The human hands were scanned by means of 2D flatbed scanner (one type for the whole sample) into color TIFF images using a method adopted for published studies (Králík et al. 2014; 2019a). Since thumbs were recorded from the radial side on scans and their ulnar sides were mostly not available, we studied dermatoglyphic variations in the four fingers only (2nd to 5^th finger).

We applied standard dermatoglyphic methodology (Cummins and Midlo 1961) as implemented in open source software Dermatoglyphix (Králík et al. 2017). On fingers, all dermatoglyphic points (cores and triradii) were identified according to the methodology standardized by Cummins and Midlo (1961) and subsequent variables for each fingerprint were recorded (see Figure 1 for ridge-count variables).

Number of triradii (nT)

Number of triradii representing in raw form a counting variable ranging from 0 to 2 (Supplementary materials Table S1) were analyzed in the form of two categories (nT): 1 – patterns with 1 or no triradius, 2 – patterns with 2 or more triradii. In the sense of traditional pattern classification, category 1 represents loops, tented arches and arches, i.e., less complicated configurations of ridges, while category 2 represents all whorls and composites (eventually complicated accidentals), i.e., more complex patterns.

Number of cores (nC)

Number of cores representing in raw form a counting variable ranging from 0 to 2 were analyzed in the form of two categories (nC): 1 – patterns with 1 or no core, 2 – patterns with 2 or more cores. In the sense of traditional pattern classification, category 1 represents no-core or simple core patterns (arches, tented arches, loops, simple whorls and central pockets), while category 2 represents double whorl patters (lateral pockets and twin-loops, eventually complicated accidentals with more cores). The variable hence represents a measure of complexity in the center of the pattern.

Radial ridge count (RCr)

Radial ridge count (RCr) was recorded as counted variable: count of ridges between the radial triradius and core, if both present. If a pattern had no core or triradius RCr was zero (0), if number of cores was higher than 1, the radial core (closer to radial triradius) was taken.
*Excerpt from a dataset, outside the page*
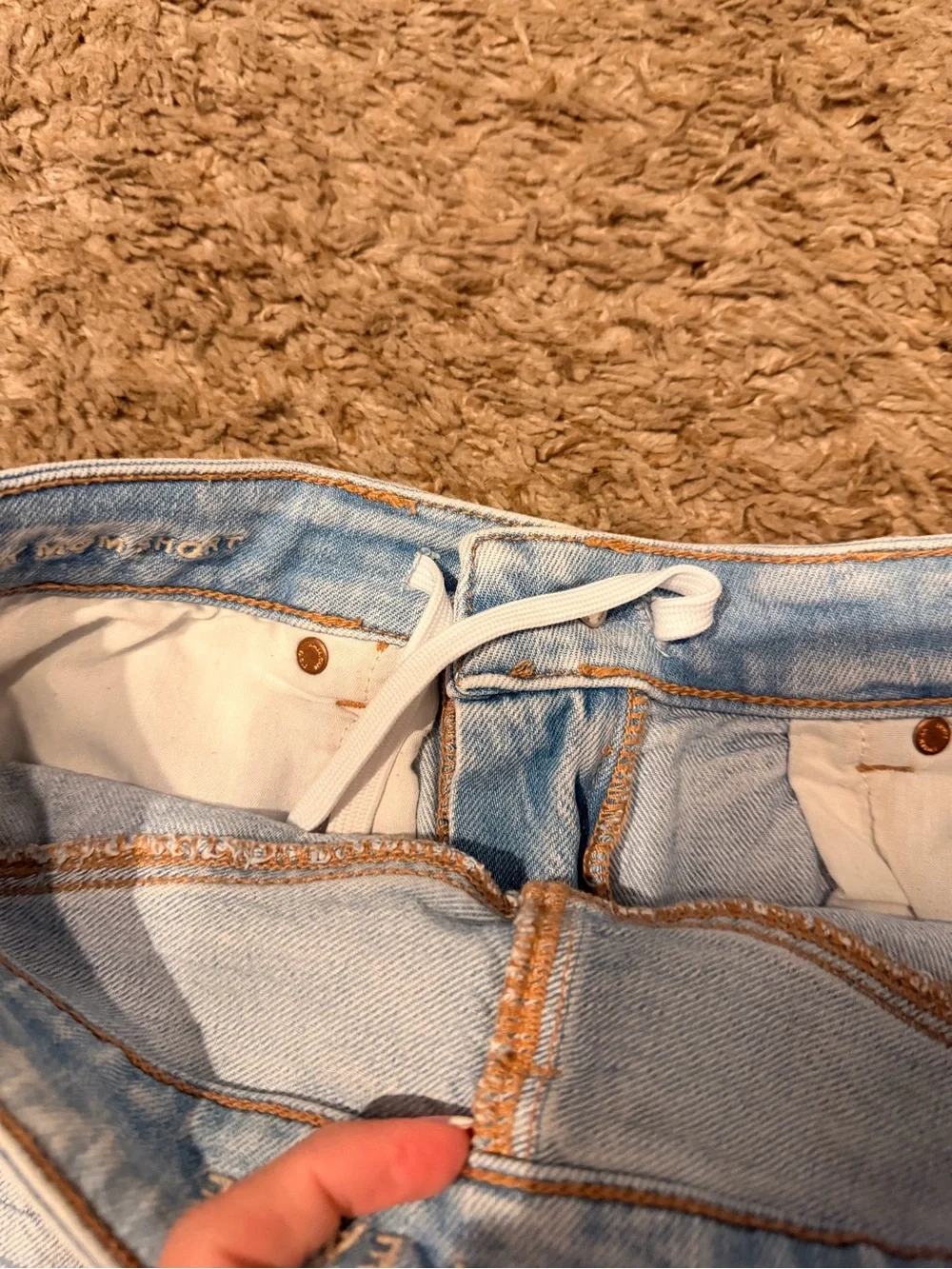American Eagle size 6 Distressed Baggy Mom Short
When counting ridges, endpoints (point of core and point of triradius) were not counted following methodology by Holt (1951; 1961; 1979).

Ulnar ridge count (RCu)

Ulnar ridge count (RCu) was recorded as counted variable: count of ridges between the ulnar triradius and core, if both present. If a pattern had no core or triradius RCu was zero (0), if number of cores was higher than 1, the ulnar core (closer to ulnar triradius) was taken. For this and other ridge counts applied that when counting ridges, endpoints (point of core and point of triradius) were not counted.

Radio-ulnar difference within fingers (WfD)
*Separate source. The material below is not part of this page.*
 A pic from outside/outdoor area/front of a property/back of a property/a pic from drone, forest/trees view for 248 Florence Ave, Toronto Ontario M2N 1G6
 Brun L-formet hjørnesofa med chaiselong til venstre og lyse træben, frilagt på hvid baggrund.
Radio-ulnar difference of ridge counts within each fingerprint (WfD) was established as a difference between radial (RCr) and ulnar (RCu) ridge count (radial minus ulnar) on each finger. For both hands eight variables were computed, from L2.WfD for the left 2nd finger to R5.WfD for the right 5^th finger similarly to the approach applied in Polcerová et al. (2022a).

Radio-ulnar difference between fingers (BfD)

Radio-ulnar difference in ridge counts between fingers (BfD) was computed as a difference between ridge counts on a radial and an ulnar (radial minus ulnar) finger. In each body side (hand), this was computed for each type of ridge count (RCr, RCu) and each pair of fingers (BfDr, BfDu).

Directional asymmetry between respective fingers

Body side asymmetry (DA) was computed as right-left difference (right minus left) in each type of ridge count (DAr for RCr, DAu for RCu) between respective fingers on right and left hand.

Statistical procedures

All computations with data and statistical methods were performed in the R software (R Core Team 2019). Descriptive statistics were computed for each recorded variable. Sex differences in frequencies of triradii (nT) and cores (nC) were tested by means of Pearson’s Chi-squared test with Yates’ continuity correction. Sex differences in ridge counts (including derived variables) and SOI scores were assessed by means of two sample permutation test (with 100,000 permutes) in the R-package EnvStats (Millard 2013). The significance of directional asymmetry was tested by means of one sample permutation test (with 100,000 permutes) of mean DA value against zero (0).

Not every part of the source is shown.